Data excerpts:
++++
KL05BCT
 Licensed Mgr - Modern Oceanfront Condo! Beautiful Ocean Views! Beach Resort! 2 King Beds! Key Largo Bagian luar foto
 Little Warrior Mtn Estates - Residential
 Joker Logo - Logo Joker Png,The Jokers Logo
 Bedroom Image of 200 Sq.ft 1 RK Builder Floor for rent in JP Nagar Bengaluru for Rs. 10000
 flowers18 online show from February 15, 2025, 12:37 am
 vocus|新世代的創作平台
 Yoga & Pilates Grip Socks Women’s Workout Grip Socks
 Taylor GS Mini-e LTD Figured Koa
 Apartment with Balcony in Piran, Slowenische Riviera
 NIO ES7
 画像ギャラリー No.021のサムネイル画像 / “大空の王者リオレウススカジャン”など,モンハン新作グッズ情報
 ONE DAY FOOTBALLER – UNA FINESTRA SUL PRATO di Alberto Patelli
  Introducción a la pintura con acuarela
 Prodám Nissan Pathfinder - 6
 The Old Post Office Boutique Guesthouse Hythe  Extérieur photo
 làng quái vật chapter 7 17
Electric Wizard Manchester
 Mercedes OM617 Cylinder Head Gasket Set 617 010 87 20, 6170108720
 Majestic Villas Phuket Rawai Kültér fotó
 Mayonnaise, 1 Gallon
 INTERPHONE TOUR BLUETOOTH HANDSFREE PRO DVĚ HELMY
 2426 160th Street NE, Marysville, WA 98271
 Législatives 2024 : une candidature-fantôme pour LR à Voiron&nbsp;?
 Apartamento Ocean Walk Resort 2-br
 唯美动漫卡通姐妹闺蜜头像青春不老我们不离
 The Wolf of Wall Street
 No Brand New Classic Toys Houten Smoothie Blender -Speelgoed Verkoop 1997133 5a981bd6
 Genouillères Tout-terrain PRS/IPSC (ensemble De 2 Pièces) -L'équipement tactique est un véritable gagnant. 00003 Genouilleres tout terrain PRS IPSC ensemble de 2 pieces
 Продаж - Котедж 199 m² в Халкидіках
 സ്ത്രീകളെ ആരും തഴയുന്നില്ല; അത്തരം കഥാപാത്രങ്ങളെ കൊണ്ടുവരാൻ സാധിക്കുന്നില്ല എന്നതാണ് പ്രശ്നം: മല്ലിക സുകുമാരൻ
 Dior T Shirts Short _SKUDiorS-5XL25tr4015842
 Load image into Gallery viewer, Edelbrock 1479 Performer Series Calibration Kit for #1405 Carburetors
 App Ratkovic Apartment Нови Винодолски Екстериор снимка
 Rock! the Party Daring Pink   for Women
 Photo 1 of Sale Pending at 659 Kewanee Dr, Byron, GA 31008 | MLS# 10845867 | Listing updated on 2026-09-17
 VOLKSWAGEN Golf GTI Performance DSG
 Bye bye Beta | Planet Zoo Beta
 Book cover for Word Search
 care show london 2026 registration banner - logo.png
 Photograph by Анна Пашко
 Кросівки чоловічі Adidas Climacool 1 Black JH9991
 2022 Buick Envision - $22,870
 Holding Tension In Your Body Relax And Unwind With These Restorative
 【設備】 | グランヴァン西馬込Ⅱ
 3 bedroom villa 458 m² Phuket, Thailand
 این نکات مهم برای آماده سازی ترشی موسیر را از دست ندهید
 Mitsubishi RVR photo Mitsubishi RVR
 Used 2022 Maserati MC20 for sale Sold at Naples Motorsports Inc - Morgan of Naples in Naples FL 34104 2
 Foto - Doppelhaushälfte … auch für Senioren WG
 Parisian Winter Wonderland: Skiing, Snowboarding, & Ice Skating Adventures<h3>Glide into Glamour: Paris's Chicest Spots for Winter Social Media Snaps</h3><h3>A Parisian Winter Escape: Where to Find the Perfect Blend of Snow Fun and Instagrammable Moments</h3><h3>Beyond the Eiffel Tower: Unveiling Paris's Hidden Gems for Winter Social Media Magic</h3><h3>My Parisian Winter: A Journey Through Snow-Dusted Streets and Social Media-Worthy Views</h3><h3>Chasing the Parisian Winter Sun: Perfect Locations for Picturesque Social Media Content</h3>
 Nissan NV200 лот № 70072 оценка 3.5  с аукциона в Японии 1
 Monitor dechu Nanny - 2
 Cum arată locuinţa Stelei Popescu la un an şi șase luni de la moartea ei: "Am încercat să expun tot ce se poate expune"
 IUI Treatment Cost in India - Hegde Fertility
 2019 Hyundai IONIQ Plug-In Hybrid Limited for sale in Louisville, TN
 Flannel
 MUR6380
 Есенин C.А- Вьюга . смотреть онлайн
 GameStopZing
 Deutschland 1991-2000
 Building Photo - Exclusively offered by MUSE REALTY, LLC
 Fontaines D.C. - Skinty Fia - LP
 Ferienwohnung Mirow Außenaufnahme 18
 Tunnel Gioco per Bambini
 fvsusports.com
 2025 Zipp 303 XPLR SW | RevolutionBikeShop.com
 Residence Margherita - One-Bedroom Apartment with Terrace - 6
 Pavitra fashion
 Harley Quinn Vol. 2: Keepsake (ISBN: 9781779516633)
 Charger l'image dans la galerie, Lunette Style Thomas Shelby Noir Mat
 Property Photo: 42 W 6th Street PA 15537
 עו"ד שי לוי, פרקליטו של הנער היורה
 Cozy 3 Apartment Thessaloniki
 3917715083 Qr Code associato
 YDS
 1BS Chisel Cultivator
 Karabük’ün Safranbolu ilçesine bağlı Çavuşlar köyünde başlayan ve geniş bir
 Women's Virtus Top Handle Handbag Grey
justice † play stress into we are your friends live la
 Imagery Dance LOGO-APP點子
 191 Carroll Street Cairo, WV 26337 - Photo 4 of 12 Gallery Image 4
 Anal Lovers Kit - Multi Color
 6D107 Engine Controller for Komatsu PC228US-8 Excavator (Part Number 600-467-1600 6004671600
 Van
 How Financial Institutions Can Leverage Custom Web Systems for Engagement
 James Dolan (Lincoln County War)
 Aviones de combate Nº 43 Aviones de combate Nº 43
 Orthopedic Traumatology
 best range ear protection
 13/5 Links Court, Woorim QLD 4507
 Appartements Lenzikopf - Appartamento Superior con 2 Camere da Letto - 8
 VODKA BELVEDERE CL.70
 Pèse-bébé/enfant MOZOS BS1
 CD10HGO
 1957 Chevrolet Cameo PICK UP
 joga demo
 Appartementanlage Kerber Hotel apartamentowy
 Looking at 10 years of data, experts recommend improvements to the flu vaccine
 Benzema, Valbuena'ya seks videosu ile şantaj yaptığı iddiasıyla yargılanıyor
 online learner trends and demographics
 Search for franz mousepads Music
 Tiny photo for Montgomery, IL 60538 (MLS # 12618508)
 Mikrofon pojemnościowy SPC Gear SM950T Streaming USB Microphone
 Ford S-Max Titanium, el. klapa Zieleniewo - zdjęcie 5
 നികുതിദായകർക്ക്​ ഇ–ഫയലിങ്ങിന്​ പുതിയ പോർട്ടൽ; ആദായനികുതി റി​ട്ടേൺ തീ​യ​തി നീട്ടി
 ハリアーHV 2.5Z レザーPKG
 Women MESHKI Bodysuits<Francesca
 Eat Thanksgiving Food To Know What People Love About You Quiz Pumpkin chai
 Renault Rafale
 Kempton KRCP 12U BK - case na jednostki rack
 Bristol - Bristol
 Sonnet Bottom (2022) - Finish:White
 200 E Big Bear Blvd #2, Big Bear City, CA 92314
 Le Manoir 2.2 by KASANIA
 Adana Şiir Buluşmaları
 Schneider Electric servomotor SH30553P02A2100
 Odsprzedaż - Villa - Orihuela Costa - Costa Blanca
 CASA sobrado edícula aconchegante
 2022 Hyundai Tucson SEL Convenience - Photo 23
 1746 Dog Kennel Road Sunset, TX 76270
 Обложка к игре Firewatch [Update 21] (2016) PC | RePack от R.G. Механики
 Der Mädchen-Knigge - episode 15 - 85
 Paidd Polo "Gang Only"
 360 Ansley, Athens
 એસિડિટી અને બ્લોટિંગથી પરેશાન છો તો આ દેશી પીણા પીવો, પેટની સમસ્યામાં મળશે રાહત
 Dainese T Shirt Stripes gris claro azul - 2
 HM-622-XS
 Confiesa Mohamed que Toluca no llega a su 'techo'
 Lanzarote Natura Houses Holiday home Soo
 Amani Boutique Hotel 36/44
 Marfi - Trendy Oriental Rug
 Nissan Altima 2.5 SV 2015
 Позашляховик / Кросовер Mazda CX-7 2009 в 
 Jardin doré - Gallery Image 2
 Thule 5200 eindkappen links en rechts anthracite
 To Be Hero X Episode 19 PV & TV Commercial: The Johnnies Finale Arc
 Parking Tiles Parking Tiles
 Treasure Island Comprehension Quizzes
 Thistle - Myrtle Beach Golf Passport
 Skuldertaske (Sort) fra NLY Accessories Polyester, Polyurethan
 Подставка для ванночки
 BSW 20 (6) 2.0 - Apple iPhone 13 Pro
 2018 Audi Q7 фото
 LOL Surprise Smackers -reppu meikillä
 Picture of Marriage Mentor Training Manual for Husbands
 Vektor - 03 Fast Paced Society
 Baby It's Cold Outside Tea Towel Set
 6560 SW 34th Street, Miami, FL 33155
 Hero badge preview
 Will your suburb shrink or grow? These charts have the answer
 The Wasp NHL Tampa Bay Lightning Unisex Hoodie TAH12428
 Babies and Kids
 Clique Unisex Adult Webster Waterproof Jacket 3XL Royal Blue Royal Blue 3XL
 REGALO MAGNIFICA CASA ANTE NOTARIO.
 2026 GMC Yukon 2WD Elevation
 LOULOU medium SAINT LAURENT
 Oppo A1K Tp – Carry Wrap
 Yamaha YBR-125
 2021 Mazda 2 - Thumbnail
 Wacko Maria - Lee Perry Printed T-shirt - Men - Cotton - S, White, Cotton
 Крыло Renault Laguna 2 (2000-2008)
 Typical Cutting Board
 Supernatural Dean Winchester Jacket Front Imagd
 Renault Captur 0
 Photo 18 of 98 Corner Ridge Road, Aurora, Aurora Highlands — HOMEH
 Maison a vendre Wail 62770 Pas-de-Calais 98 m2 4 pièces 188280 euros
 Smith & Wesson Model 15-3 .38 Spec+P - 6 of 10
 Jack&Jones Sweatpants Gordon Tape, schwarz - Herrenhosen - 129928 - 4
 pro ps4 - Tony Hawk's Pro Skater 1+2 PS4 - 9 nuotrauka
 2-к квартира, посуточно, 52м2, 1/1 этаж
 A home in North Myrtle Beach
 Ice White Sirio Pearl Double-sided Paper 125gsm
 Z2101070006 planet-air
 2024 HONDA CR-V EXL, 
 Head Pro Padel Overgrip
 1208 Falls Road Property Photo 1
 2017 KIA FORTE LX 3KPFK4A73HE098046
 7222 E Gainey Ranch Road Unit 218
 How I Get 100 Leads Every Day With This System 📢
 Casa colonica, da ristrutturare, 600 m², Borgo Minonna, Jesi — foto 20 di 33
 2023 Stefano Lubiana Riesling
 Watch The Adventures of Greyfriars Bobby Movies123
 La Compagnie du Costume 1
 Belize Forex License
++++
Check each line of the data above, and please copy the ones in which the string "Hyundai" occurs.

Task output:
 2019 Hyundai IONIQ Plug-In Hybrid Limited for sale in Louisville, TN
 2022 Hyundai Tucson SEL Convenience - Photo 23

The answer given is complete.